En 1863, il abandonne finalement l’Angleterre et son métier
pour s’installer en Inde. Il doit trouver le moyen de financer ses
expéditions photographiques ; il s’associe donc avec Charles
Shepherd, éditeur à Simla, qui lui assure une diffusion
de ses travaux. Dans cette ville, résidence d’été du
gouvernement indien, le jeune homme noue de multiples relations professionnelles
et amicales, qui favorisent la réalisation de ses projets.
Un premier trek himalayen lui permet d’évaluer les difficultés
liées à ce type d’entreprise. En juin 1864, il quitte
Dharamsala pour une longue marche dans le Cachemire. Il lui faut huit mois
pour explorer la région et réaliser des clichés d’une
nature majestueuse. Quarante-deux porteurs sont nécessaires pour
acheminer les verres, tentes et matériel photographique. Les sentiers à pic
se révèlent parfois impraticables, les températures
sont rudes, il faut souvent traverser les torrents sur des ponts de corde,
pendant que le matériel flotte sur des peaux de mouton gonflées
d’air.
Les clichés réalisés sur collodion humide sont
d’une beauté remarquable, dans la grande tradition de
la peinture anglaise de nature au XVIII
e siècle. Rien de surprenant à cela,
puisque Samuel Bourne se voit d’abord comme un artiste dont les œuvres
photographiques doivent refléter ses sentiments face à de
telles immensités. Dans ses comptes rendus, il avoue
choisir soigneusement son cadrage : avec « assez d’arbres
et de feuillages pour prêter à la scène un air
de sérénité » ou avec « quelques
traces d’habitation et d’activité humaine, de manière à suggérer
l’harmonieuse relation de l’homme avec la nature ».
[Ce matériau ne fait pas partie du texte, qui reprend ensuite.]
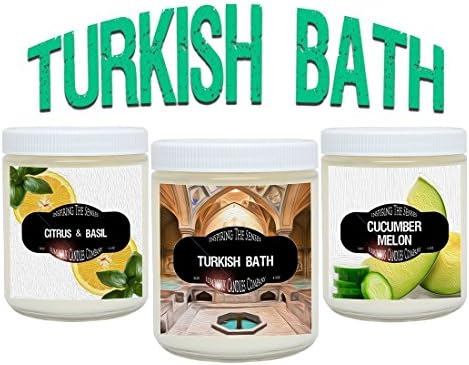 Scented Candles - Turkish Bath - Set Includes: Citrus and Basil, Turkish Bath and Cucumber Melon (3 x 4 oz Candle Set) Aromatherapy Spa Party Favors by Luminous Candles Company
Samuel Bourne a ouvert la voie à plusieurs autres
photographes britanniques de talent, qui feront le voyage jusqu’en
Inde. John Burke et William Baker concluent une association et séjournent
en 1868 à Srinagar, la "ville du Soleil".
Le pittoresque des lacs et des ponts de la capitale du Cachemire les
ravit, ces paysages où Samuel Bourne aimait poser son
objectif et qui lui rappelaient son Angleterre natale. À leur
tour, ils photographient les maisons de bois sur pilotis qui avaient
tant charmé Bourne, « ces maisons qui se penchaient
et obliquaient dans tous les sens comme si elles n’attendaient
qu’une poussée pour s’écrouler ».
Très soucieux de la postérité de son œuvre, Bourne numérote et annote ses négatifs. Plus de deux mille clichés témoignent ainsi de ses explorations indiennes. Ils constituent aujourd'hui autant de précieux témoignages d'une époque révolue et de véritables œuvres d'art que tous les voyageurs en Inde se faisaient un devoir d'acheter comme souvenir de leur séjour.